5. INVASION OF FRANCE—GAMES—THE ABBÉ DE CHATEAUBRIAND

Dieppe, Vallée-aux-Loups, December 1813

FROM DIEPPE, where the police injunction had forced me to take refuge, I have been permitted to return to the Vallée-aux-Loups, where I am now picking up the thread of my narrative again. The earth trembles under the footsteps of foreign soldiers who are at this very moment invading my native land. I write this, like the last Romans, amid the tumult of Barbarian invasion. By day, I scribble pages as agitated as the events of the moment;* by night, when the rumble of distant gunfire fades from my woods, I return in silence to those years that sleep in the grave, to the peace of my earliest memories. How narrow and short is one man’s past beside the vast present of the nations and the immensity of their future!

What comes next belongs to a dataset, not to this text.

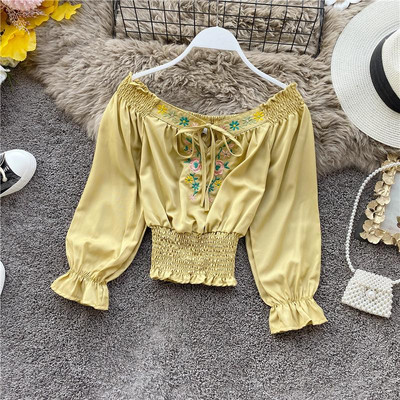 Új modell női blúz csónakos nyakkivágással, nyakkendőkkel és kék hímzéssel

Mathematics, Greek, and Latin occupied the whole of my winter at school. What time was not dedicated to study was given over to those childhood games that are the same in all places. The little Englishman, the little German, the little Italian, the little Spaniard, the little Iroquois, the little Bedouin—all of them roll hoops and throw the ball. Children are brothers of one great family and lose their common features only when they lose their innocence. It’s the same the world over. The passions, modified by climates, governments, and customs, form the different nations; humankind ceases to speak and understand the same language: it is society that is the true Tower of Babel.

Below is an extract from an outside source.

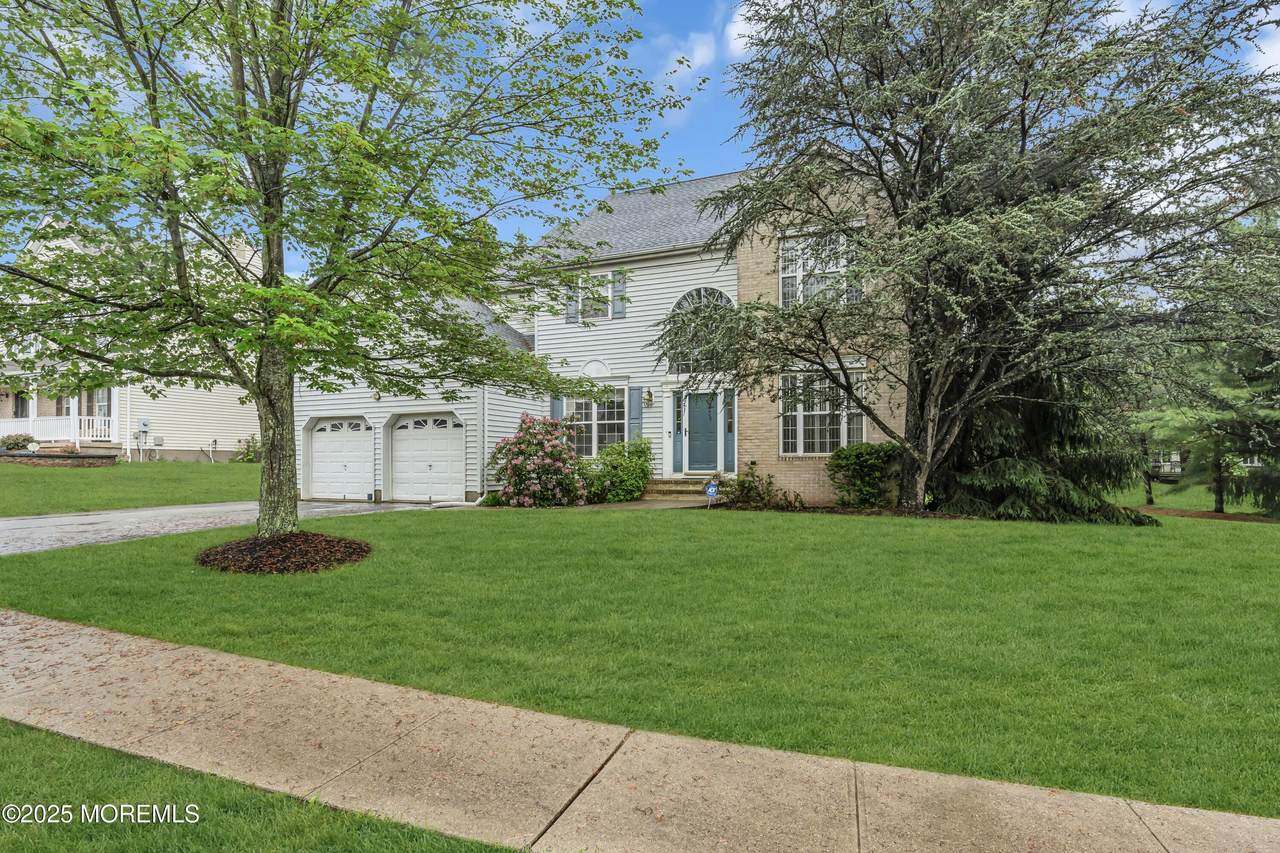 6 Cardinal Way - Photo 1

One morning, I was engrossed in a game of prisoner’s base in the schoolyard when I was told that I was wanted. I followed the servant to the main gate. I found a large, red-faced man with a brusque and impatient way about him, a ferocious tone of voice, carrying a stick in his hand and wearing a badly curled black wig, a torn cassock that he had tucked into his pockets, dusty shoes, and stockings with gaping holes at the heels.

“You,” he said. “Little wretch. Are you not the Chevalier de Chateaubriand de Combourg?”

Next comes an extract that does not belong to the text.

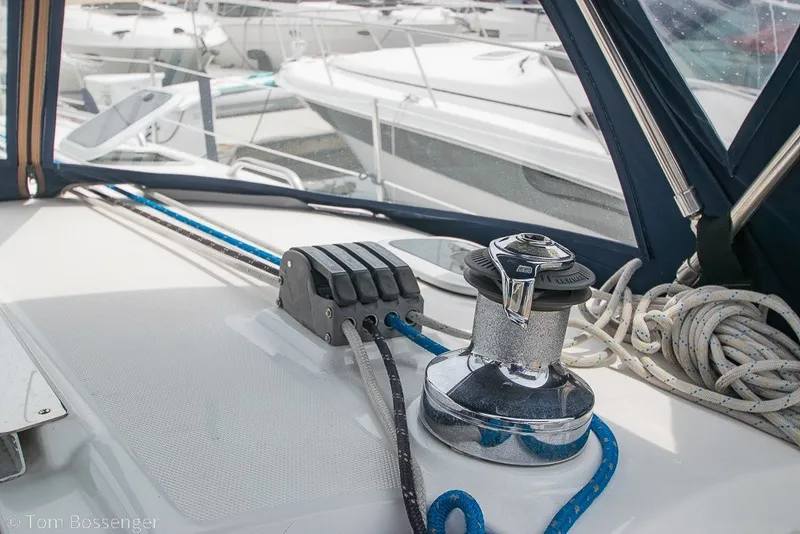Slide: The Image of Cockpit view of a 2007 Hunter 41 Aft sailboat with winch and ropes. - 39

“Yes, Monsieur,” I replied, stunned by the way he spoke to me.

“And I,” he said, almost foaming at the mouth, “I am the last of the oldest branch of your family. I am the Abbé de Chateaubriand de la Guérande. Take a good look at me now.”

The proud priest put his hand in the fob pocket of his old plush breeches, pulled out a moldy six-franc coin wrapped in greasy paper, flung the thing at my nose, and continued his journey afoot, muttering his matins with a furious air. I have since learned that the Prince de Condé once offered this country cleric the post of tutor to the Duc de Bourbon. The bumptious priest replied that the prince, as the owner of the Chateaubriand barony, ought to know that the heirs to this barony might have tutors, but that they would be tutors to no man. Such hauteur was the chief failing of my family. In my father it was odious; my brother took it to ridiculous lengths, and it has passed down to some degree to his eldest son. I am not quite sure, despite my Republican leanings, whether I have entirely shaken it off myself, much as I have tried to conceal it.